竹下正己弁護士の法律相談コーナー。今回は「突然、自宅が特別警戒区域に指定。価値も下がり困っています」という質問が寄せられた。
【質問】
去年1月に突然、拙宅(土地込み)を土砂災害防止法にのっとり特別警戒区域にしますという通知がきました。この家は平成13年9月に建築確認を得て着工しています。この指定により資産の価値は激減し、転売・転居も困難になりました。防止法と建築確認の整合性をどう解釈すべきでしょうか。
【回答】
この法律は、土砂災害から国民を守り、災害防止対策の推進を図ることなどを目的として、平成13年4月1日に施行されました。国が土砂災害防止対策の基本方針を定め、知事が5年ごとに調査をしつつ、順次、土砂災害で住民の生命身体に危害の恐れがある区域を土砂災害警戒区域と定め、その中でも著しい危害が生じる恐れがある区域を特別警戒区域として指定します。
特別警戒区域内では開発行為が制限され、建物構造も厳格化が求められ、危険な場合には退去勧告もあります。特別警戒区域に指定された場合には、地価も下がると思います。問題にしたいのは平成13年の建築確認ですか、それともこのたびの特別警戒区域の指定でしょうか。

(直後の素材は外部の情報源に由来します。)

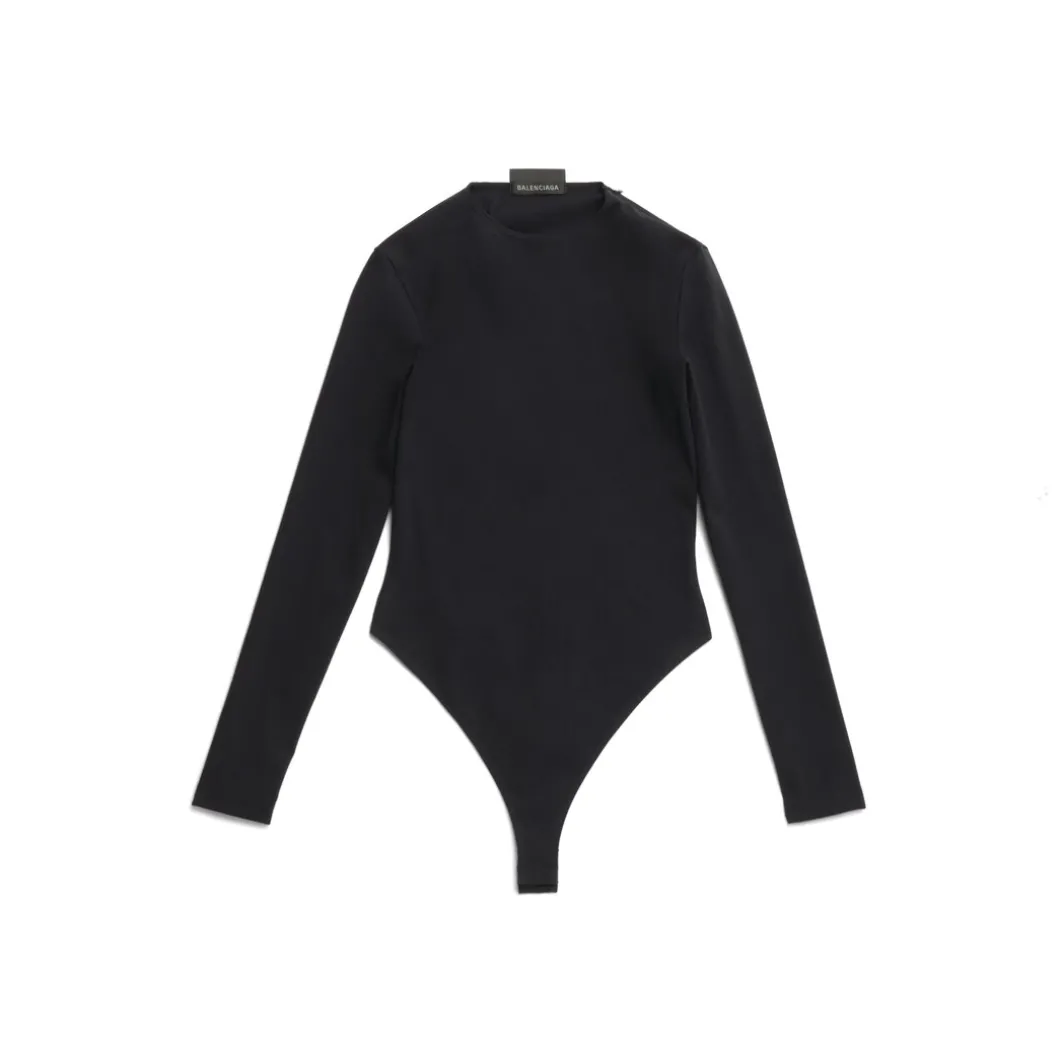 Top Aderente Outside Loop da Donna in Nero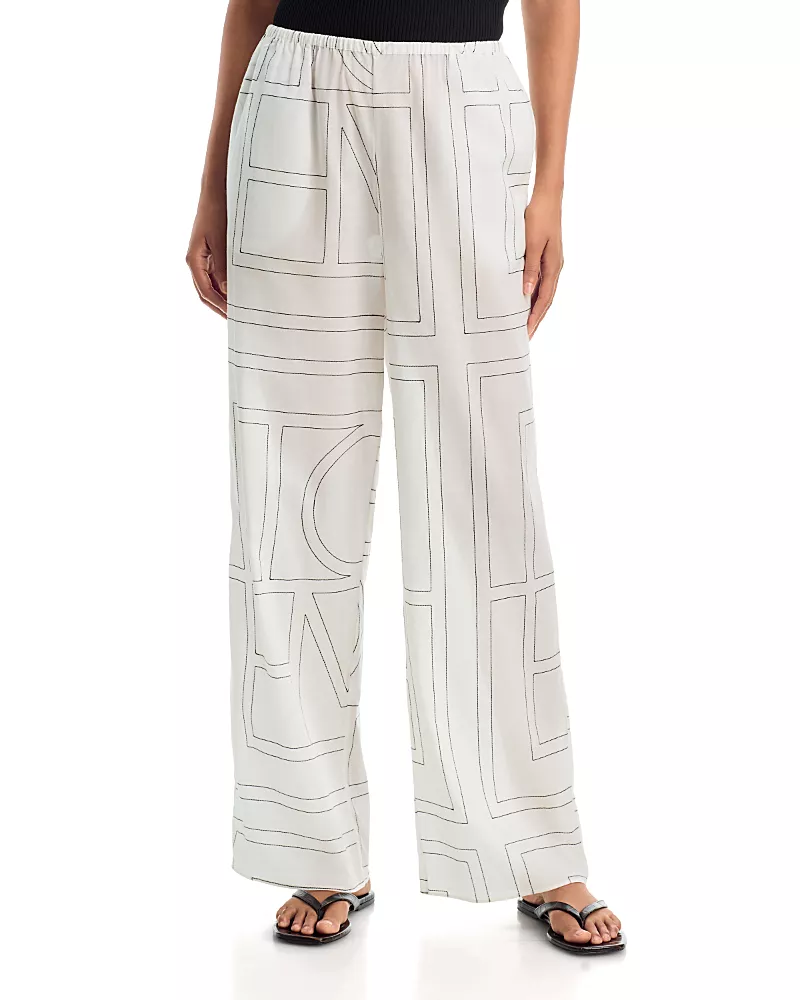 Toteme Monogram Pajama Pants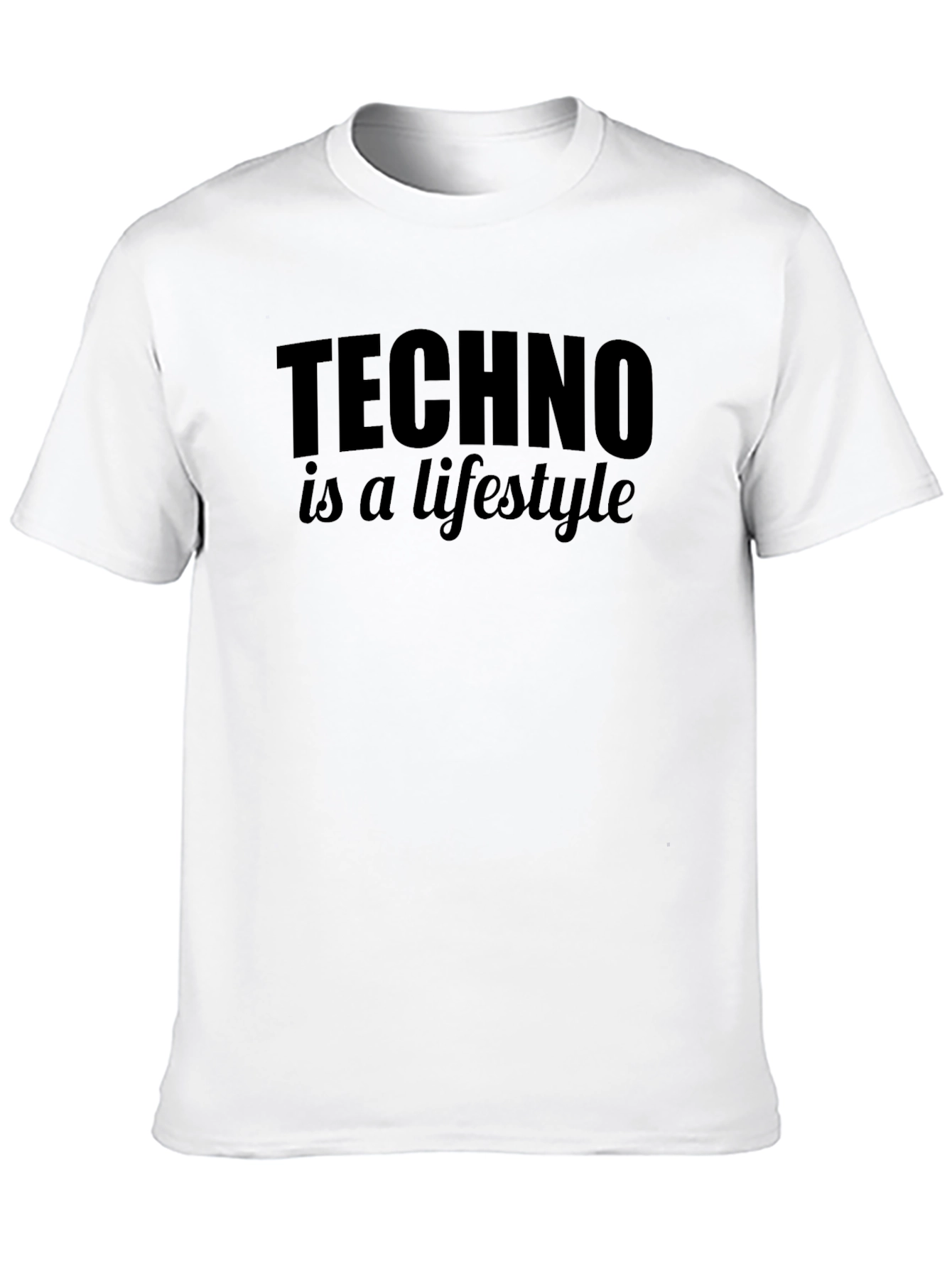 Techno is a Lifestyle Black T-Shirt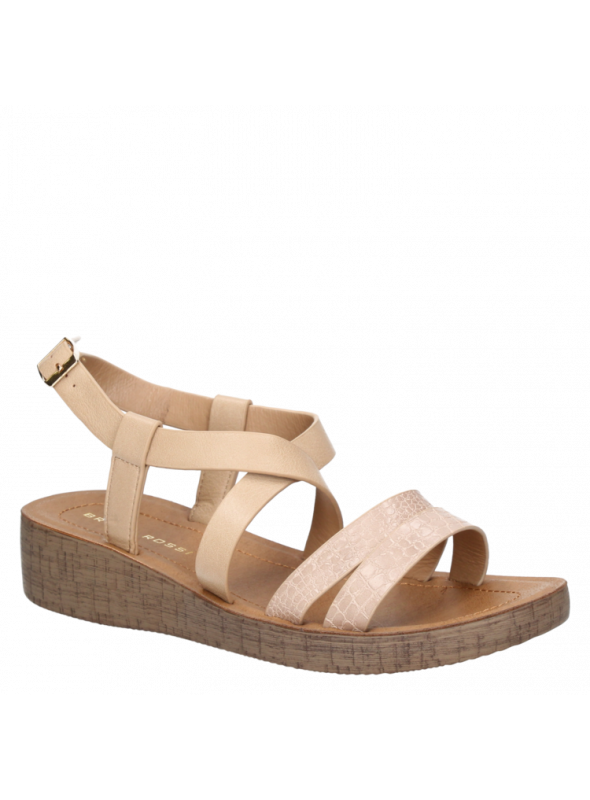 Sandalia Mujer G643 Bruno Rossi beige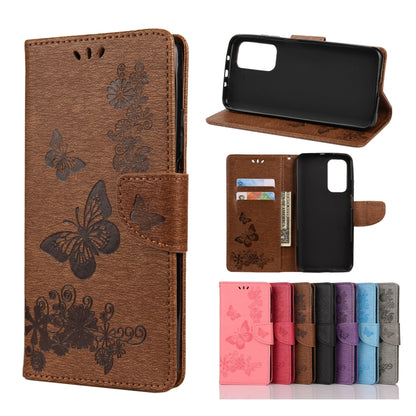 Butterflies Embossing Horizontal Flip Leather Case with Holder & Card Slots & Wallet, For Xiaomi Mi 10T Pro 5G, For Xiaomi Mi 10T 5G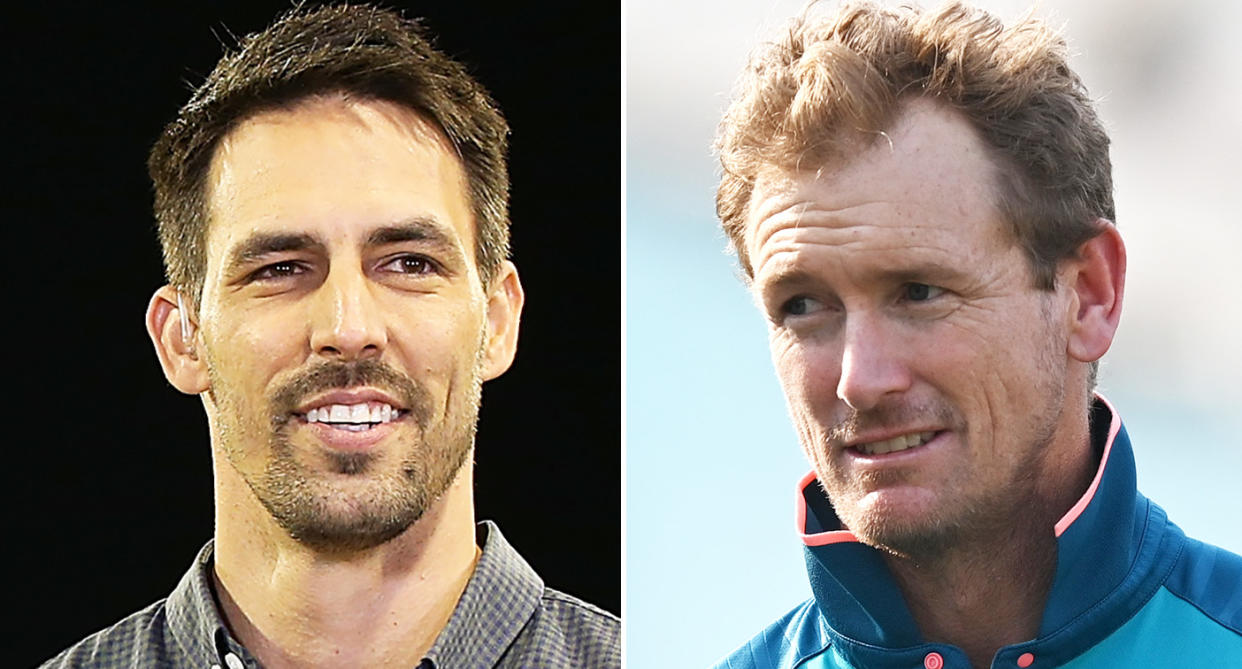 Pictured left Mitchell Johnson and right George Bailey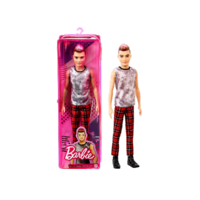 Mattel Barbie Fashionista fiú baba kockás nadrágban - Mattel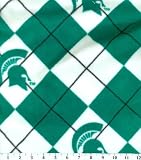 Michigan State Argyle Fleece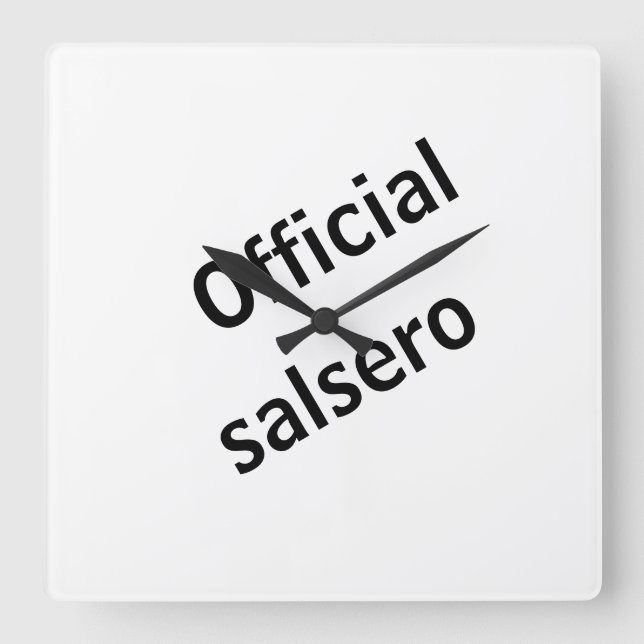 Relógio Quadrado Salsero oficial da Reloj (Frente)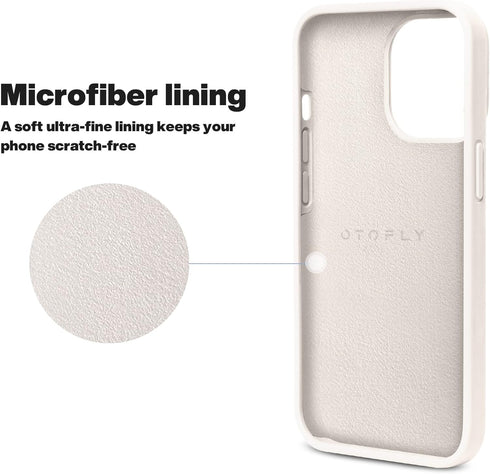 OTOFLY Designed for iPhone 13 Pro Max Case, Silicone Shockproof Slim Thin Phone Case (Stone) 6.7 inch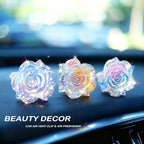 6Pcs Car Cute Colorful Big Flower Car Air Vent Clips Dashboard Decoration Air Freshener Interior Decor for Women Girl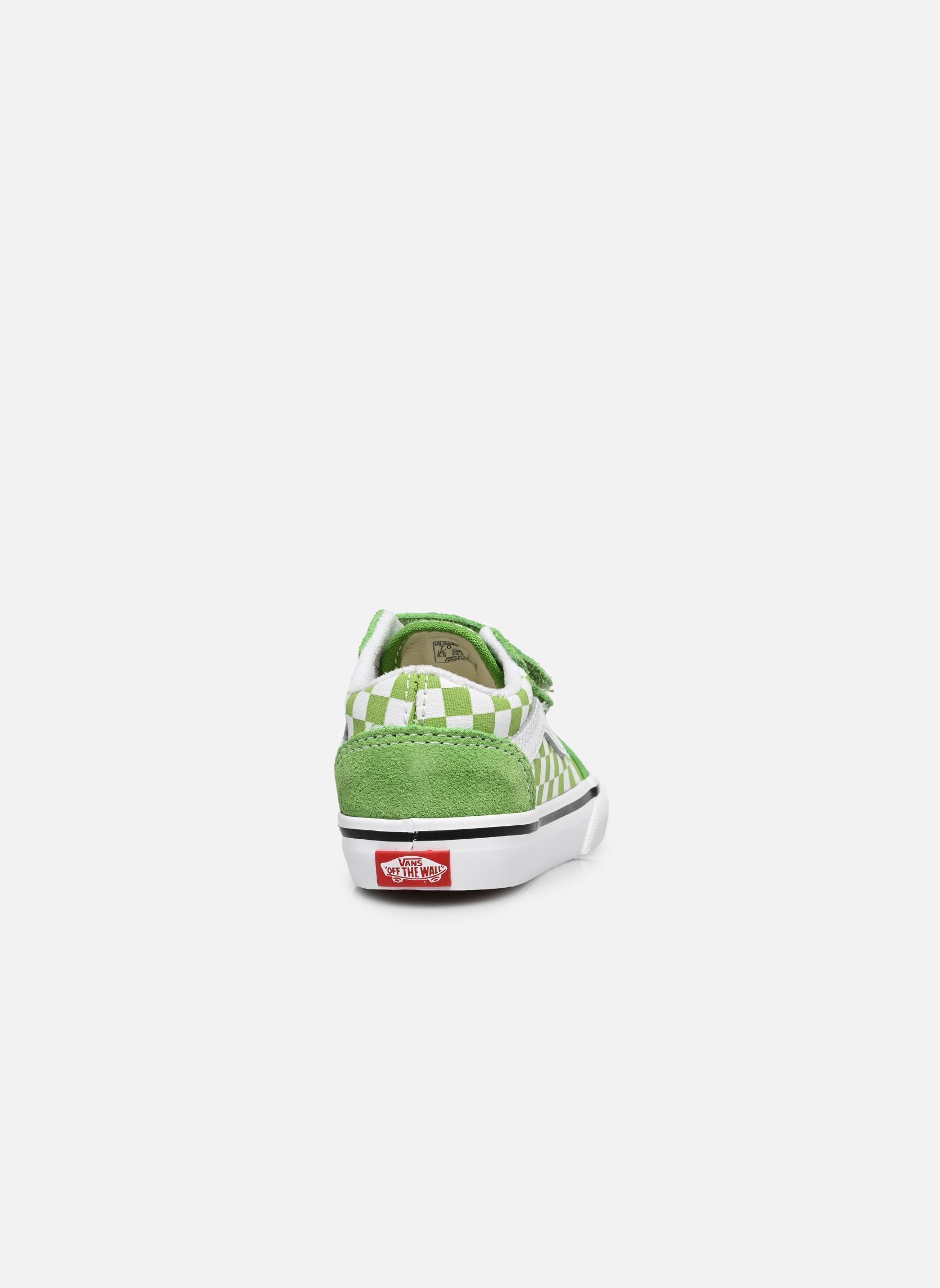 Baskets basses Old Skool V garçon vert Vans Baskets basses Old Skool V garçon vert FPB - COLOR THEORY CHECKERBOAR
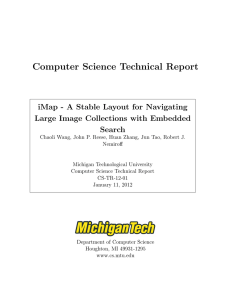 Computer Science Technical Report iMap - A Stable Layout for Navigating Search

前者であれば、建築確認当時には特別警戒区域の指定がなく建築確認上の特別な制限がなかったのですから、通常の条件で建築確認が下りても違法であったということはいえません。
仮に指定を急ぐべきといっても、国民の権利にかかわることですから、調査しながら指定していく過程に違法性を認めることは困難です。また、直ちに指定できるほど危険性がはっきりしていたのであれば、もともと危険性があって価値は低かったということになりますから、損害は認められないでしょう。
仮に今度の指定が間違っている場合、その指定を争うことが考えられます。この点は、土地の使用に具体的支障が生じるので行政処分性があり、半年以内に取消訴訟を提起できるとの考えと、実際の開発行為や建築確認の不許可処分を受けてからだとの二つの考え方がありえます。
しかし違法であれば、処分を争わなくても、損害賠償の請求が可能です。いずれにせよ、土砂災害の危険性という土木工学上の判断が必要です。専門家に相談してください。